TASK STATEMENT » Only the lines below from the one containing "Taller de agroprocesamiento" through the last line should be set down, exactly as written and with no pictures.

(Image-caption web data)
───
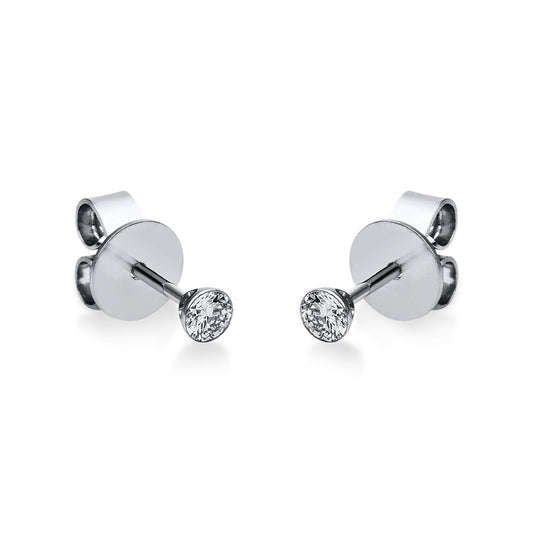 Ear studs frame 18 kt WG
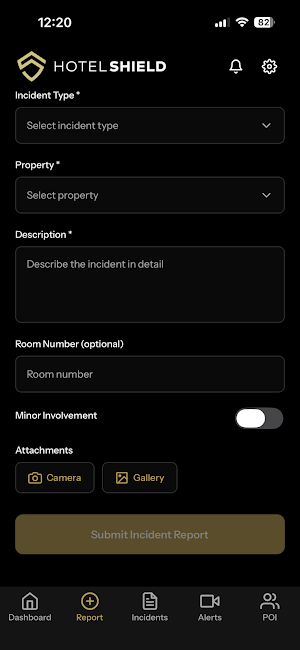 Hotel shield Screenshot 1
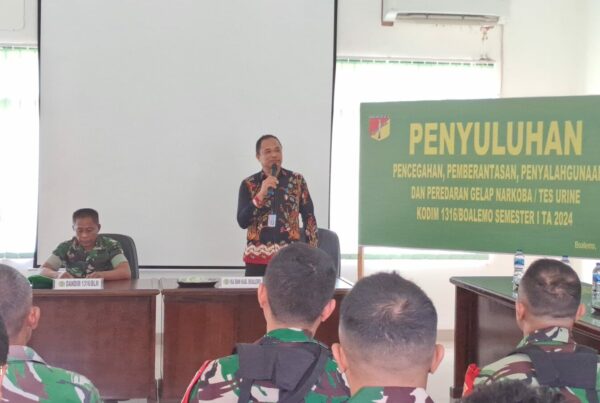 BNNK dan Kodim 1316/Boalemo Bersinergi dalam Upaya Pemberantasan Narkotika BNNK dan Kodim 1316/Boalemo Bersinergi dalam Upaya Pemberantasan Narkotika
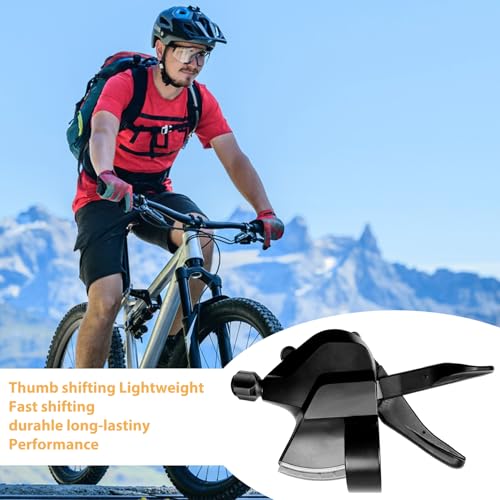 Relwears Bike Shifter SL-M315 8 Speed Right Thumb Gear Shifter 8 Speed Shifter for Moutain Bike, Road Bike and Commuter Bike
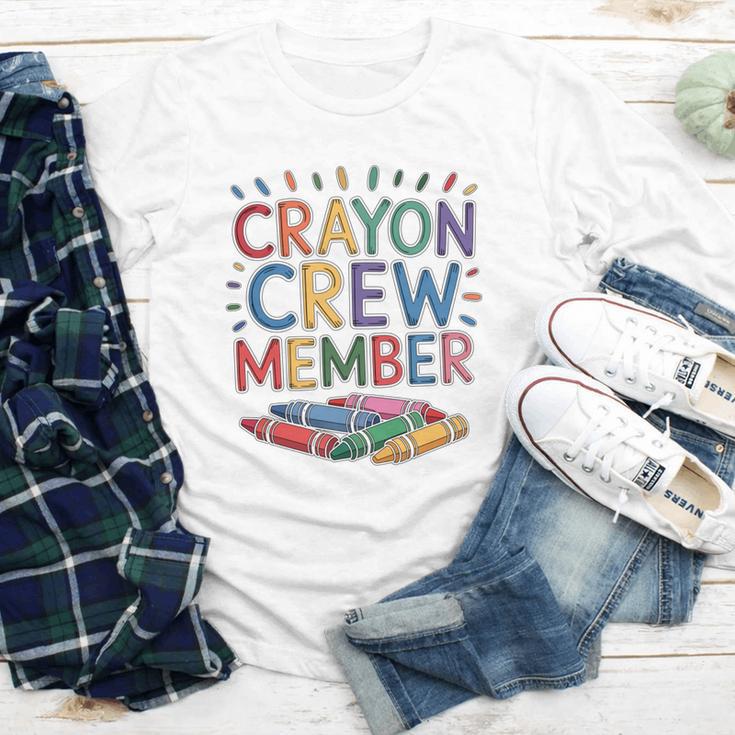 Crayon Crew Member Back To School Coloring Art Classes Youth Long Sleeve Tee Crayon Crew Member Back To School Coloring Art Classes Youth Long Sleeve Tee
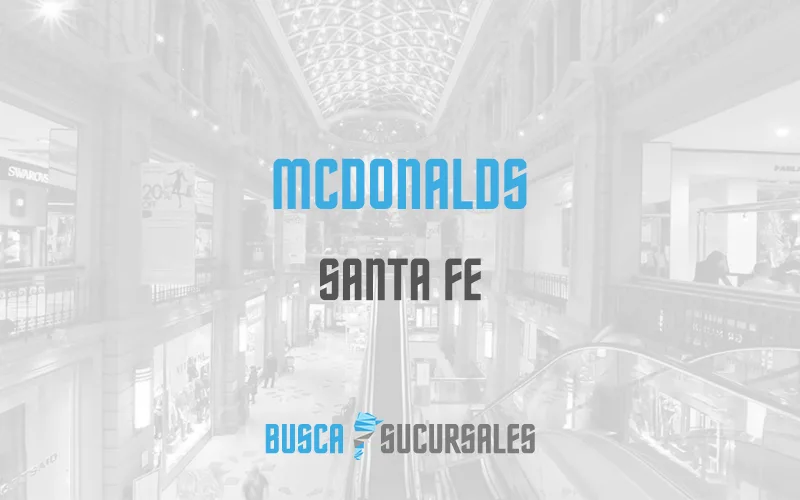 McDonalds en Santa Fe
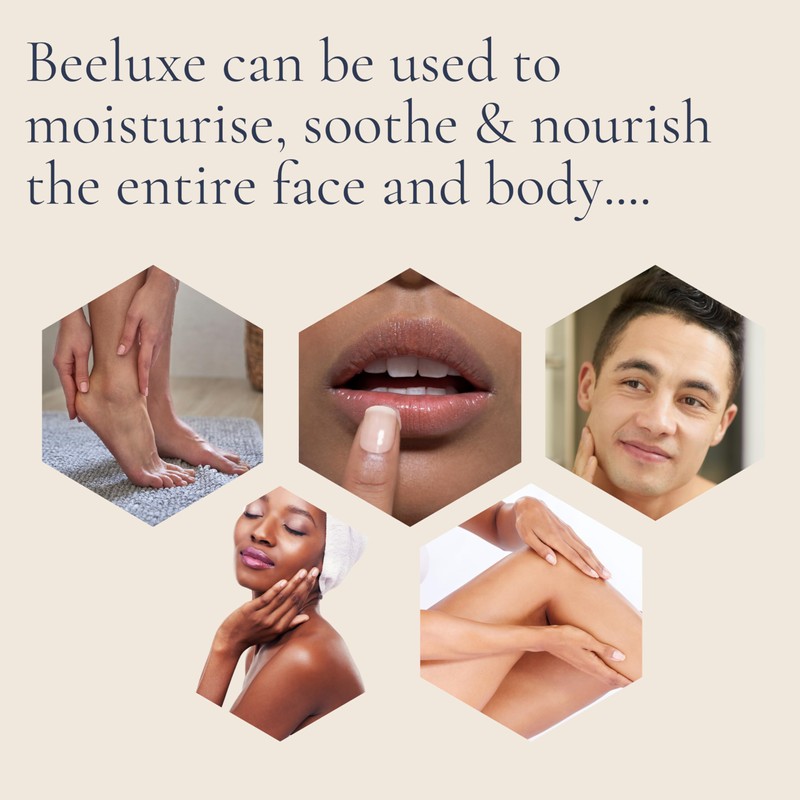 Beeluxe Multi-Purpose Moisturising Skin Balm 50ml, For Dry, Sensitive &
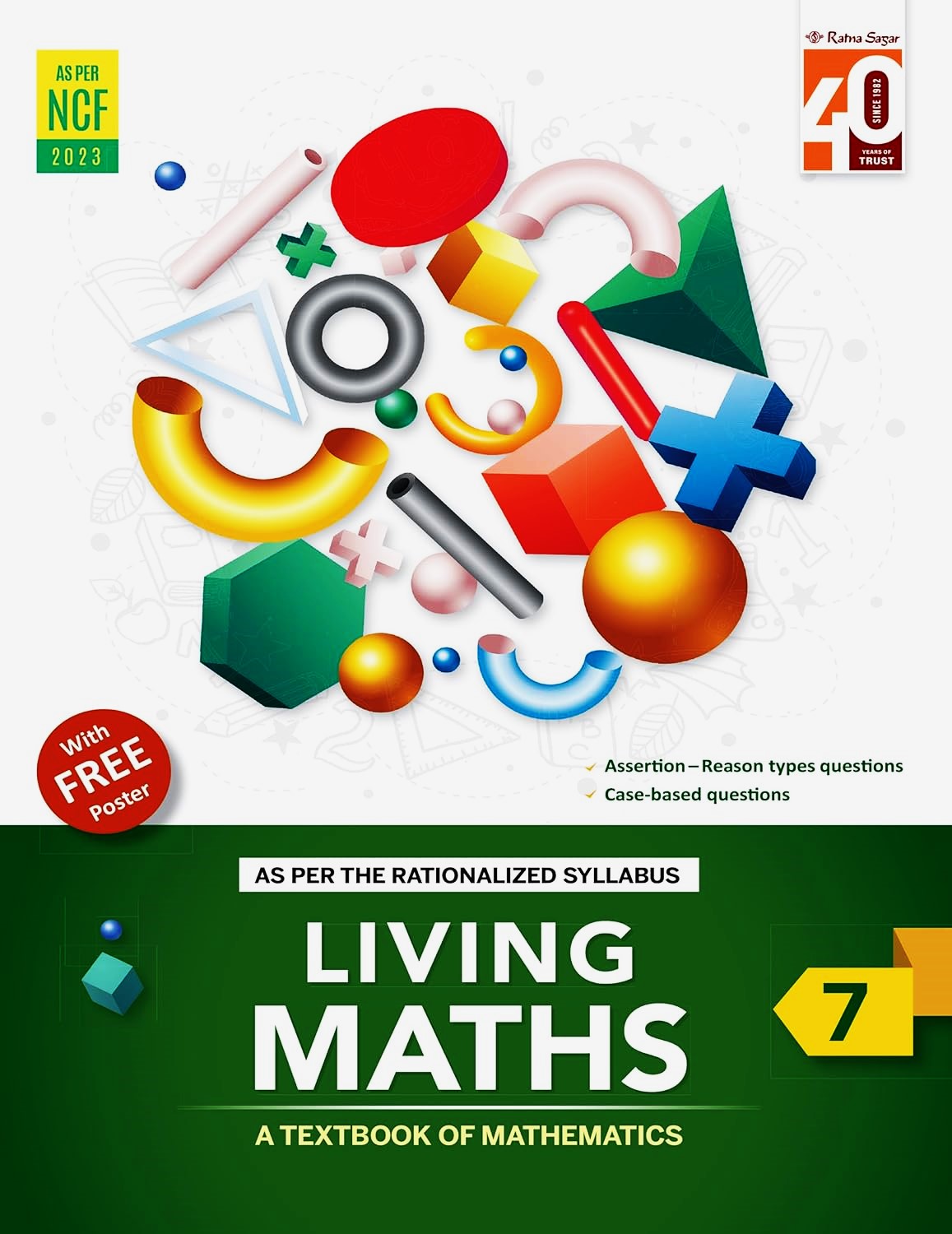 Ratna - A Textbook of Living Mathematics for Class 7 - As Per the Rationalized Edition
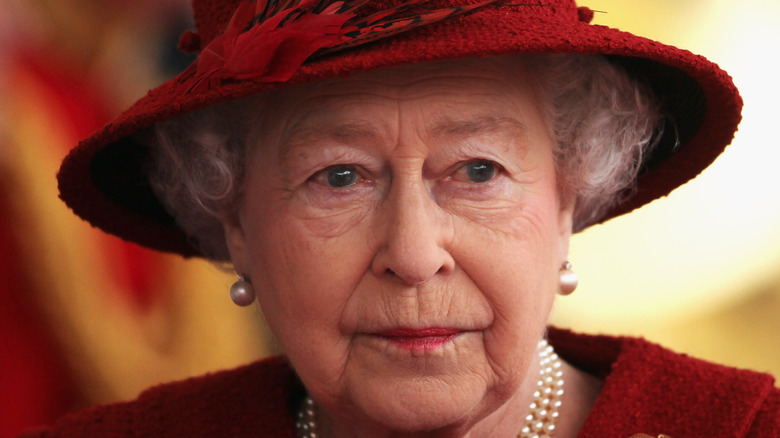 Queen Elizabeth looking away from camera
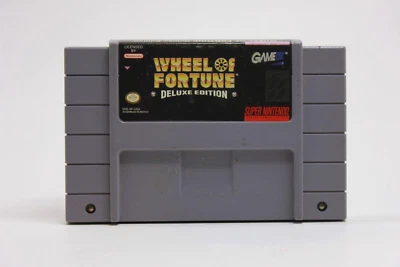 Wheel of Fortune Deluxe Edition USA Release SNES Cartridge Only - Image 1 of 3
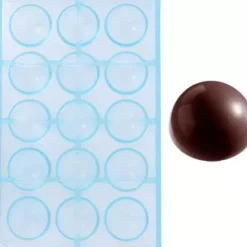 Best Cerf Dellier Moule Chocolat Demi-Spheres 41 Mm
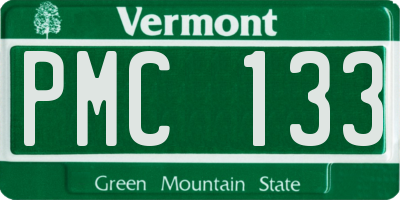 VT license plate PMC133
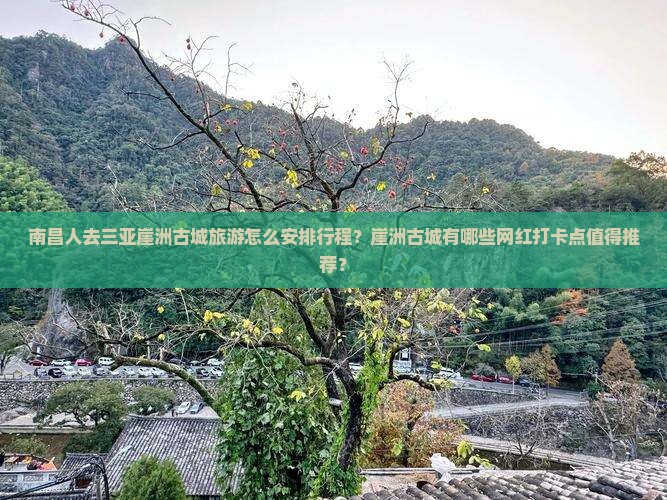 南昌人去三亚崖洲古城旅游怎么安排行程？崖洲古城有哪些网红打卡点值得推荐？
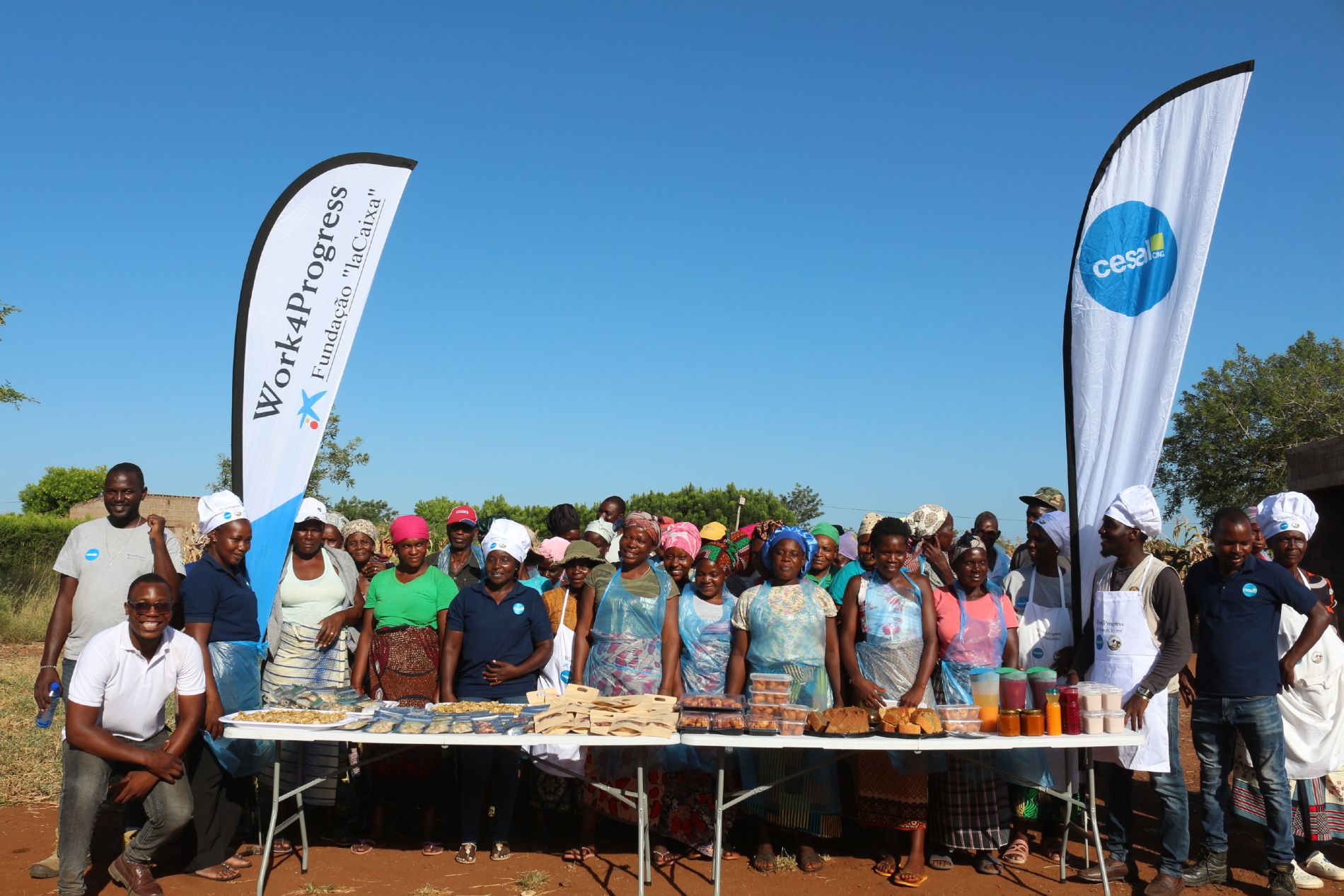 Taller de agroprocesamiento Work4Progress Mozambique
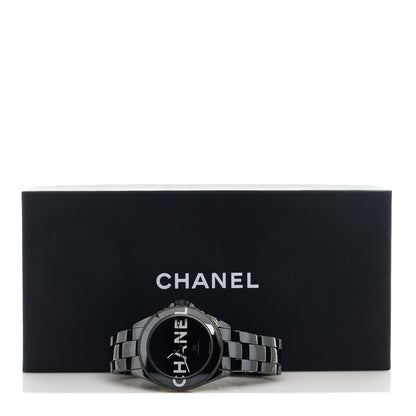 Chanel Stainless Steel Ceramic 38mm J12 Wanted de Chanel Automatic Watch Black 5 of 5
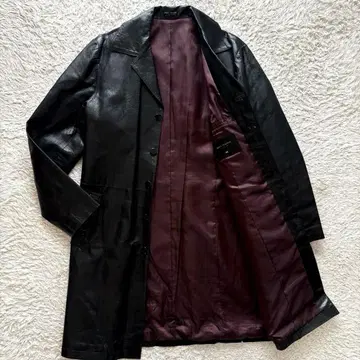 천연 가죽 L 사이즈 MEN'S TENORAS 체스터 코트 히요쿠 싱글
───
TASK RESULT »
 Taller de agroprocesamiento Work4Progress Mozambique
 Chanel Stainless Steel Ceramic 38mm J12 Wanted de Chanel Automatic Watch Black 5 of 5
 천연 가죽 L 사이즈 MEN'S TENORAS 체스터 코트 히요쿠 싱글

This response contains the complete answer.